ASSIGNMENT:
Records follow. Print exactly the lines from the one that has "Now to read" through the one that has "GIFs are good", inclusive, and omit the pictures.
(RECORDS SUPPLIED)
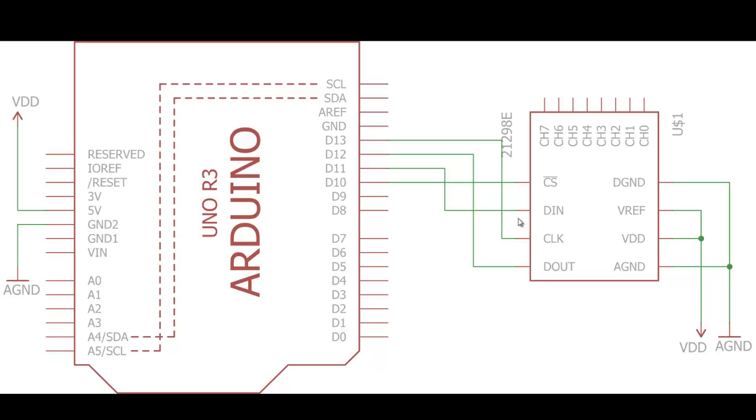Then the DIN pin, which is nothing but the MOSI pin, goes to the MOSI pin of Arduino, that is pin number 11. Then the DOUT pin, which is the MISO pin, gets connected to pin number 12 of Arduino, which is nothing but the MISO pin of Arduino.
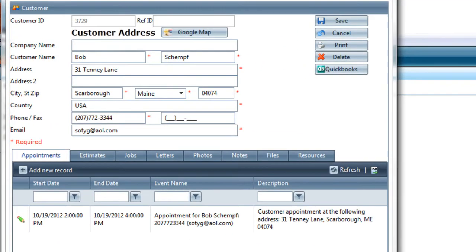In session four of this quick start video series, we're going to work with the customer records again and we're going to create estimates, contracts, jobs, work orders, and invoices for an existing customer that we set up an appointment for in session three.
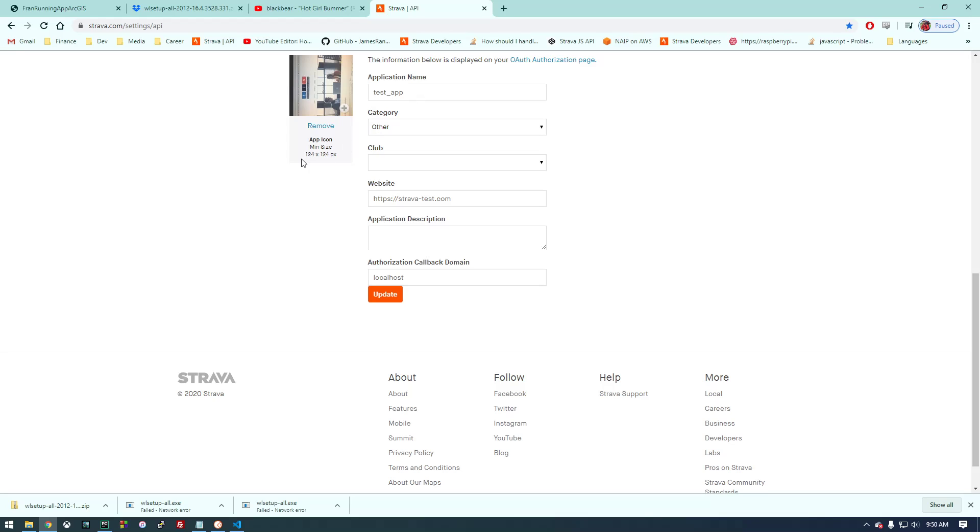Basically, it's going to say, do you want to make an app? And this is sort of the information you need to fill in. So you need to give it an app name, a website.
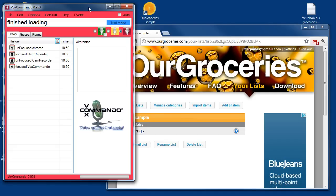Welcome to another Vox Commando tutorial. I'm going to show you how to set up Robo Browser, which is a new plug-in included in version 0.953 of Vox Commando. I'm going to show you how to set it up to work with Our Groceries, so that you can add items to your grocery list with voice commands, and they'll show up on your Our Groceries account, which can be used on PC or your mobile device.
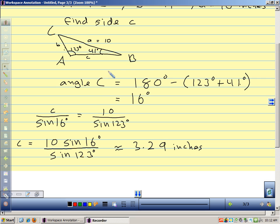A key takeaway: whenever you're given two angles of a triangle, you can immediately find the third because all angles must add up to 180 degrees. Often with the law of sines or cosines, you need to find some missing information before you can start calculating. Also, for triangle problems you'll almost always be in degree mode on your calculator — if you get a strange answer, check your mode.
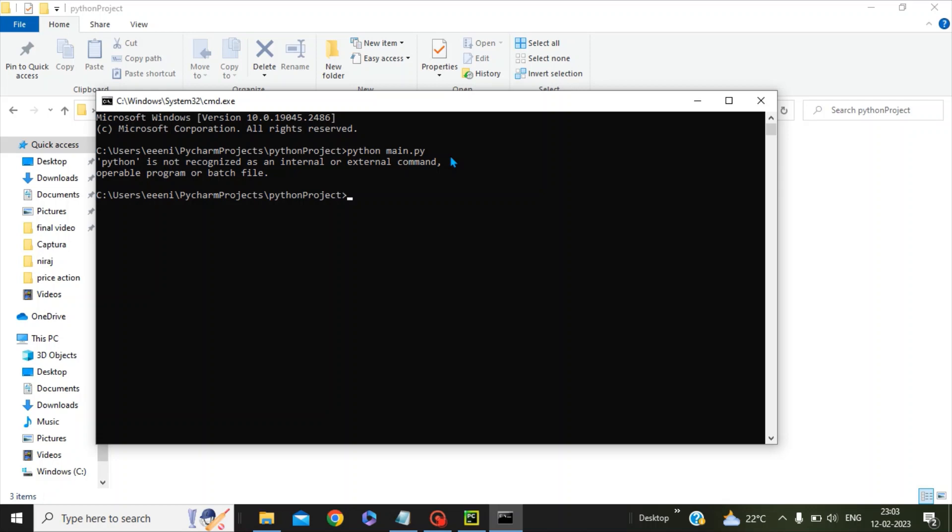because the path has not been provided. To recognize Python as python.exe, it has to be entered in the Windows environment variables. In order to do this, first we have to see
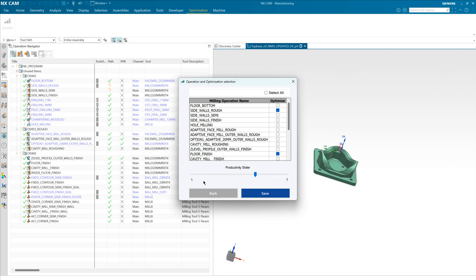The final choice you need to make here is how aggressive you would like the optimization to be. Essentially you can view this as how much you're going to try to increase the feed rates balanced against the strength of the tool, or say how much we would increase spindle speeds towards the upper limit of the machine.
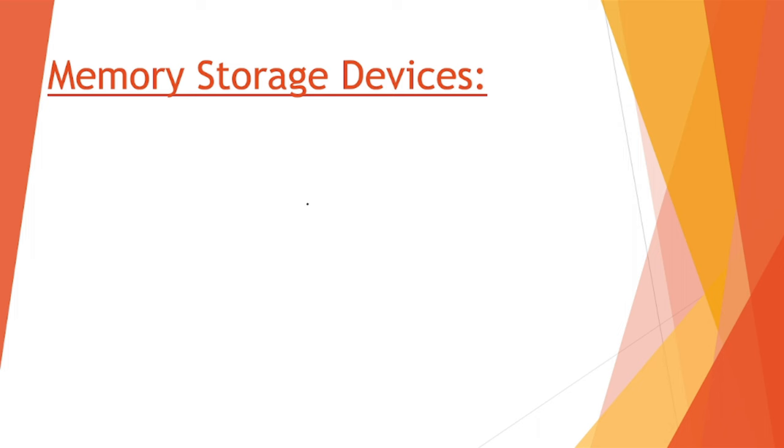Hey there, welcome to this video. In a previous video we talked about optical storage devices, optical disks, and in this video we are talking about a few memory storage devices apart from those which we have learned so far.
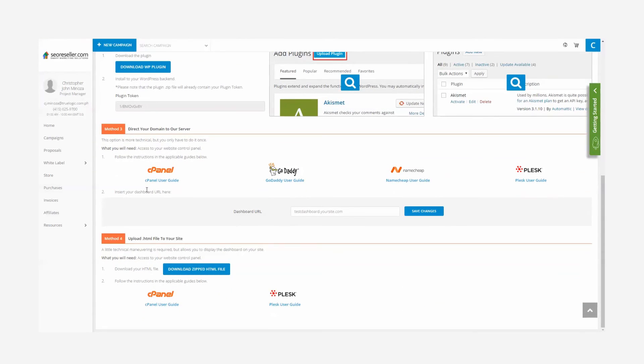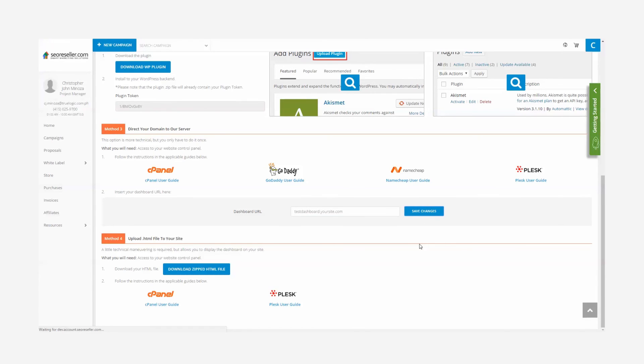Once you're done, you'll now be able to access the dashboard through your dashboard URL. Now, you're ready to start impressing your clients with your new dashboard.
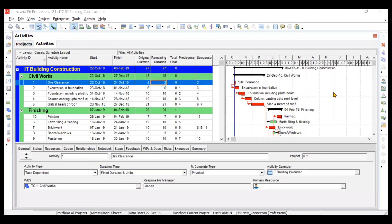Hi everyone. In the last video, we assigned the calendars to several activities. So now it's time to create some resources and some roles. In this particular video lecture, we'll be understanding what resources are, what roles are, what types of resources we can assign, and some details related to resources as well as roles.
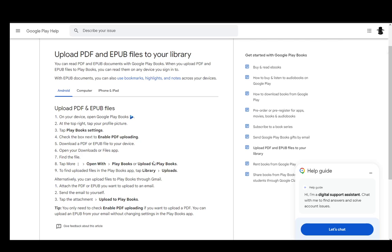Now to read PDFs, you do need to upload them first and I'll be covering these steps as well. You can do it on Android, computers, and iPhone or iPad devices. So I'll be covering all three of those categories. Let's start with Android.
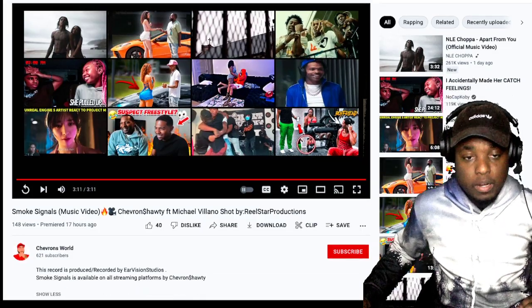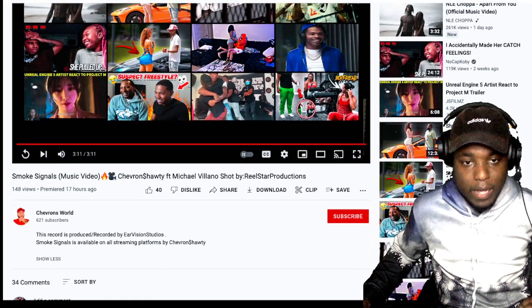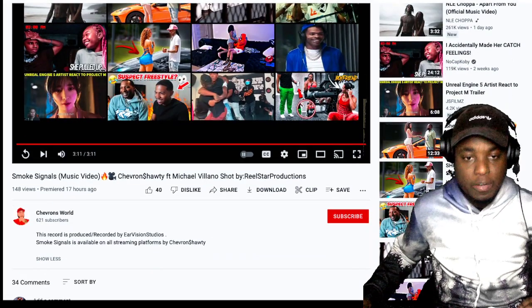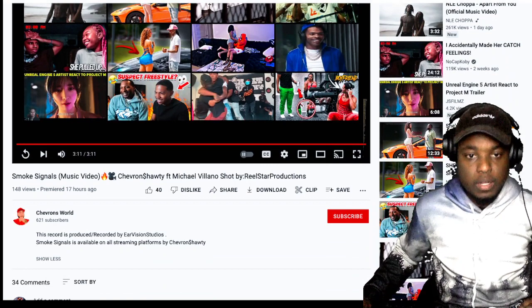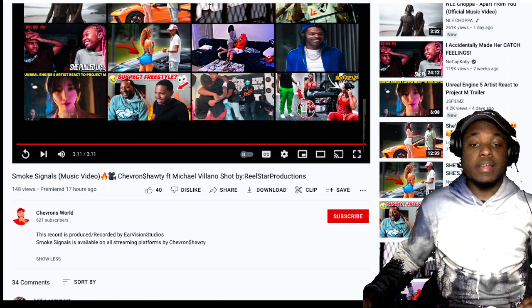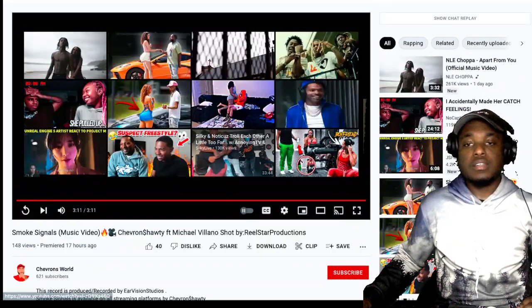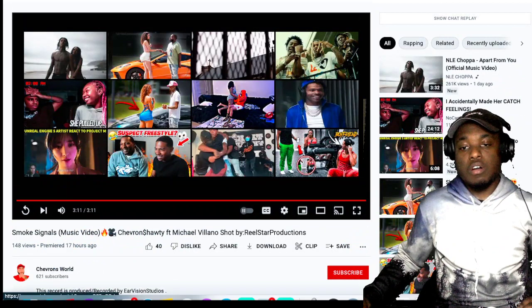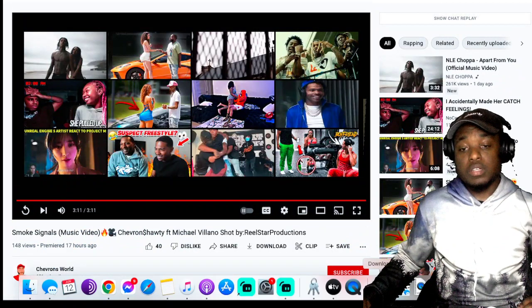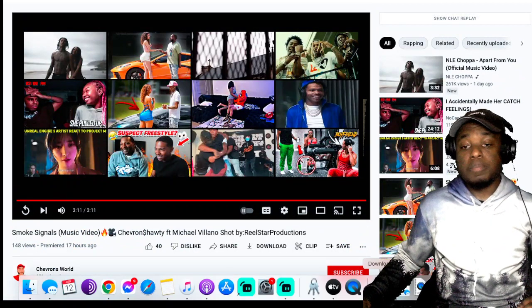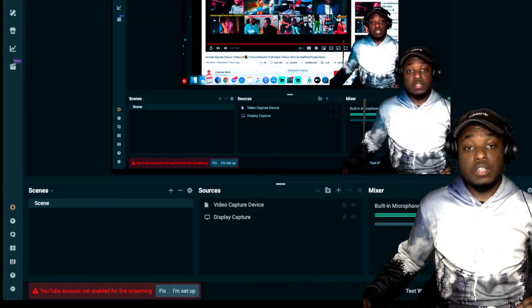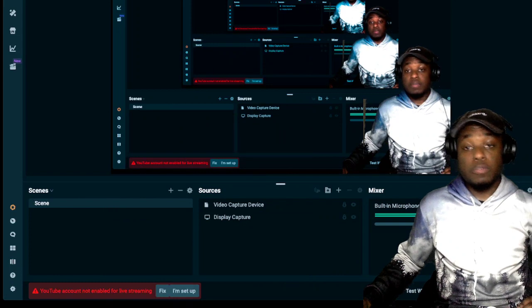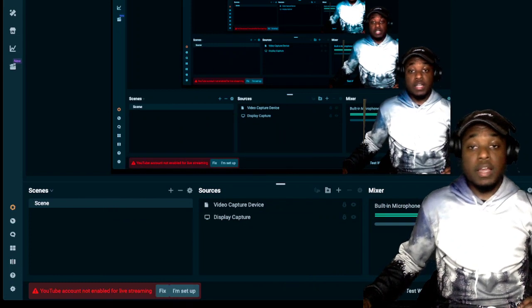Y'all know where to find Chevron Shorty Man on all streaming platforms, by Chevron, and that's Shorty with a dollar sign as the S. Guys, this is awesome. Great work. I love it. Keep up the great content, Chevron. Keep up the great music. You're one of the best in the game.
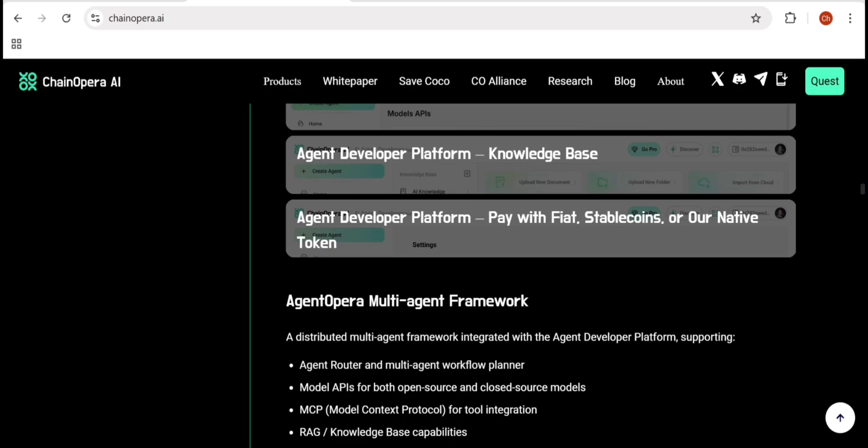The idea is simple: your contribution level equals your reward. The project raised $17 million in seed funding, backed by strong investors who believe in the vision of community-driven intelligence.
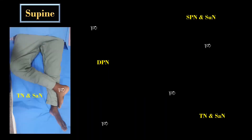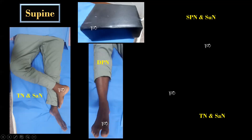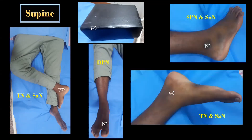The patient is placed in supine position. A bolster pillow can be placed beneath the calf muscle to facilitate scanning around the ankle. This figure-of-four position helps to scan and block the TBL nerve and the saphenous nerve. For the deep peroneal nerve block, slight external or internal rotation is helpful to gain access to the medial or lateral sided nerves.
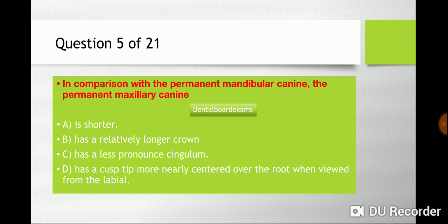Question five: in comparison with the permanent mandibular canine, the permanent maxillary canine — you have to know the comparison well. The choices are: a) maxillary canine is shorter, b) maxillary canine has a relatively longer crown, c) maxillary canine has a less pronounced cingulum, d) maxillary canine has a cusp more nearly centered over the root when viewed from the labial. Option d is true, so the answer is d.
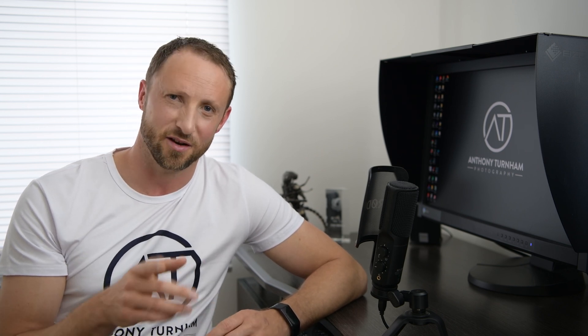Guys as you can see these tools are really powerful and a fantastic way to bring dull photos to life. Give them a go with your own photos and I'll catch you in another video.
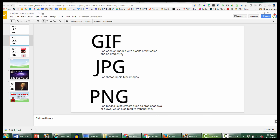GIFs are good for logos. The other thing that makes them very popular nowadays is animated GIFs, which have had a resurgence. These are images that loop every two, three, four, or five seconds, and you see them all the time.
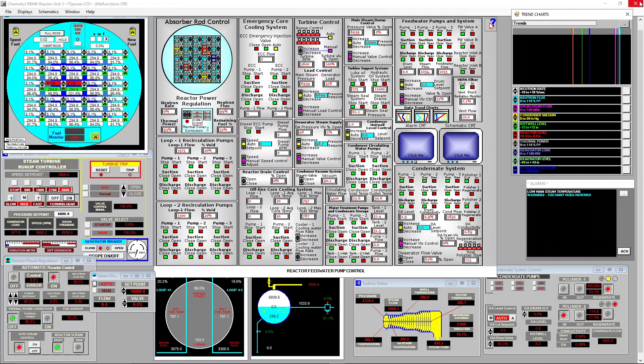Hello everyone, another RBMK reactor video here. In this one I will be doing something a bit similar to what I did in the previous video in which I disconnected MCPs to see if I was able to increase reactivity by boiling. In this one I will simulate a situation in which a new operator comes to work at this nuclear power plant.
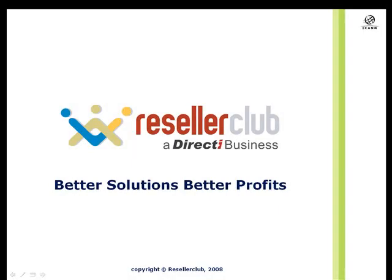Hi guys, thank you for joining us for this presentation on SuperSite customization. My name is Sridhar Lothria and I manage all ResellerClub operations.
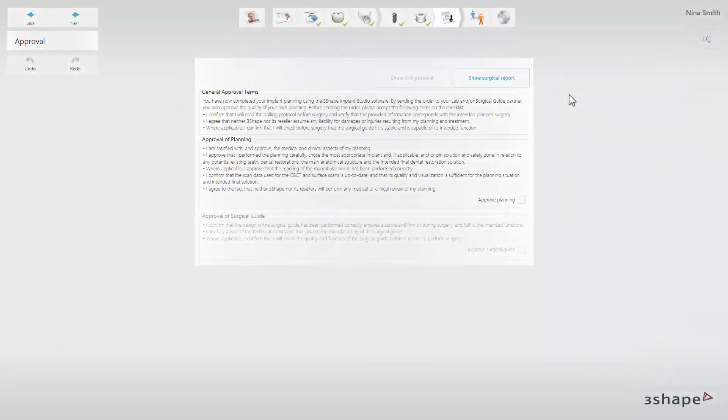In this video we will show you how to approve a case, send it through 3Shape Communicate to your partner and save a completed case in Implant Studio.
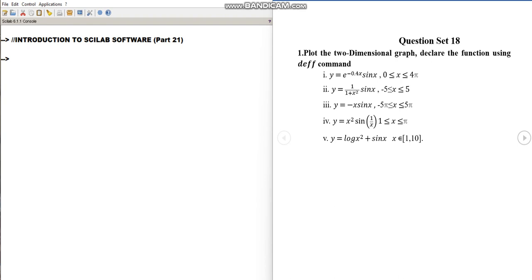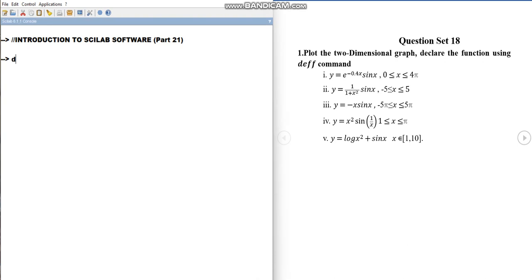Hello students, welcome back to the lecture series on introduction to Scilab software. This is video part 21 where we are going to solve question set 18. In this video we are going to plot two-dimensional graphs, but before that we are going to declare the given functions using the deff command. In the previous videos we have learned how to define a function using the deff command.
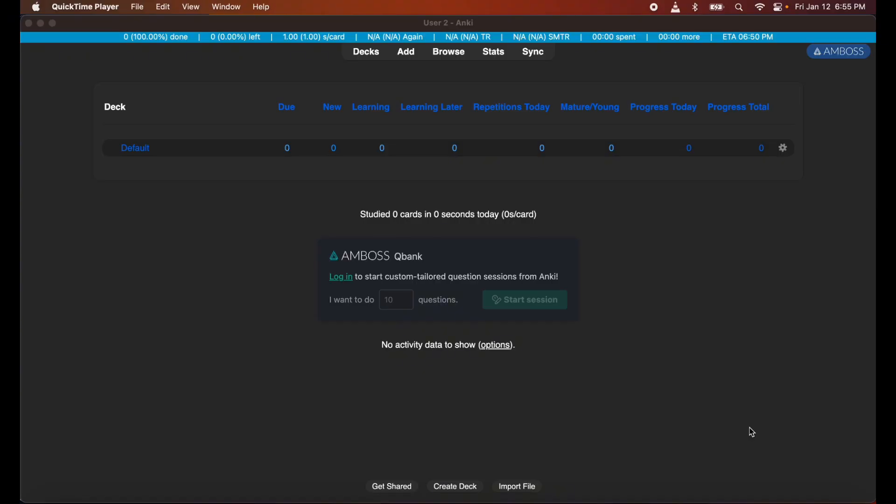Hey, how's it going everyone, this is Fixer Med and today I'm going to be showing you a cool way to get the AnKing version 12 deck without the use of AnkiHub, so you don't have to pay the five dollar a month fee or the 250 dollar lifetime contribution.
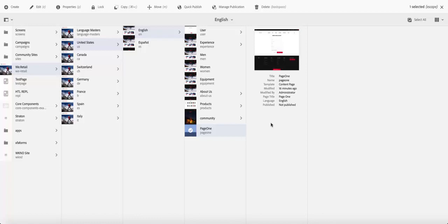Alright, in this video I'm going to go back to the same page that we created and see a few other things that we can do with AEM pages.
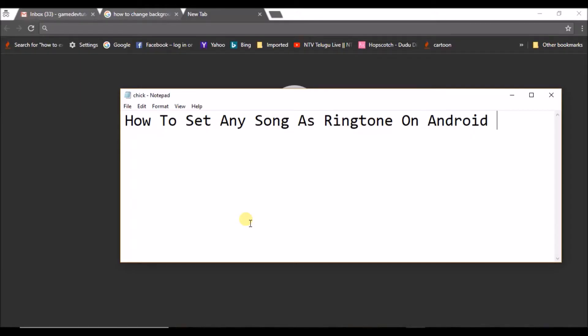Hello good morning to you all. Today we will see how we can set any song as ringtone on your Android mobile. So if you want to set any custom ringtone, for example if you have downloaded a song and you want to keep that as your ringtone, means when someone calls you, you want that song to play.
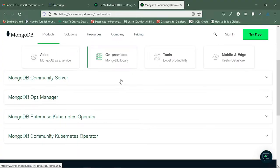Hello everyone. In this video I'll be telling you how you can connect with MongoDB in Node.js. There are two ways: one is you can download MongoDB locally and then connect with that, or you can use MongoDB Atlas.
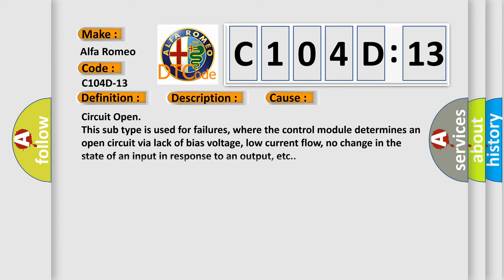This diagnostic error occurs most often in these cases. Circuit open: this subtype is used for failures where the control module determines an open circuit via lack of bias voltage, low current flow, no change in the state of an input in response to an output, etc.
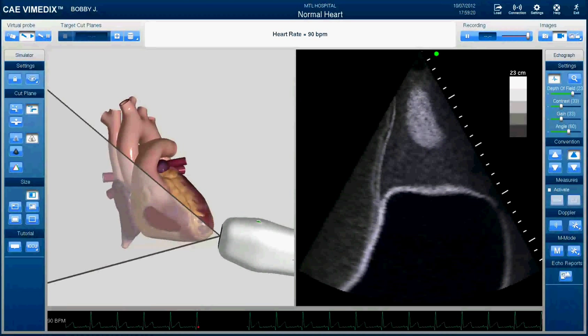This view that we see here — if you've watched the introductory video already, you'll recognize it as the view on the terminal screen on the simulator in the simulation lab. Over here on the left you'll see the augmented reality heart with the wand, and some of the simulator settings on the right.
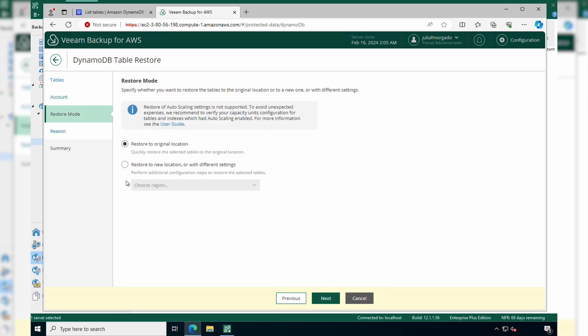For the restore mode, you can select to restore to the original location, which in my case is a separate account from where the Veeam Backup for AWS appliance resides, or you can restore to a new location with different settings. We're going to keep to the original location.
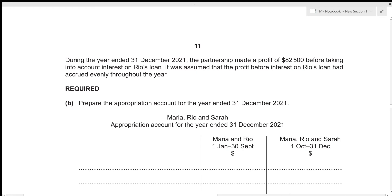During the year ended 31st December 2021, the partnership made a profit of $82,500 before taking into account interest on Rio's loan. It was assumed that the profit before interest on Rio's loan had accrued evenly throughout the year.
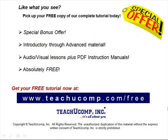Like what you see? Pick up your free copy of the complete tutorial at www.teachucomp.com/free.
(End RECORDS SUPPLIED)
ANSWER SPACE:
Now to read PDFs, you do need to upload them first and I'll be covering these steps as well. You can do it on Android, computers, and iPhone or iPad devices. So I'll be covering all three of those categories. Let's start with Android.
Y'all know where to find Chevron Shorty Man on all streaming platforms, by Chevron, and that's Shorty with a dollar sign as the S. Guys, this is awesome. Great work. I love it. Keep up the great content, Chevron. Keep up the great music. You're one of the best in the game.
The idea is simple: your contribution level equals your reward. The project raised $17 million in seed funding, backed by strong investors who believe in the vision of community-driven intelligence.
The patient is placed in supine position. A bolster pillow can be placed beneath the calf muscle to facilitate scanning around the ankle. This figure-of-four position helps to scan and block the TBL nerve and the saphenous nerve. For the deep peroneal nerve block, slight external or internal rotation is helpful to gain access to the medial or lateral sided nerves.
Question five: in comparison with the permanent mandibular canine, the permanent maxillary canine — you have to know the comparison well. The choices are: a) maxillary canine is shorter, b) maxillary canine has a relatively longer crown, c) maxillary canine has a less pronounced cingulum, d) maxillary canine has a cusp more nearly centered over the root when viewed from the labial. Option d is true, so the answer is d.
Guys as you can see these tools are really powerful and a fantastic way to bring dull photos to life. Give them a go with your own photos and I'll catch you in another video.
GIFs are good for logos. The other thing that makes them very popular nowadays is animated GIFs, which have had a resurgence. These are images that loop every two, three, four, or five seconds, and you see them all the time.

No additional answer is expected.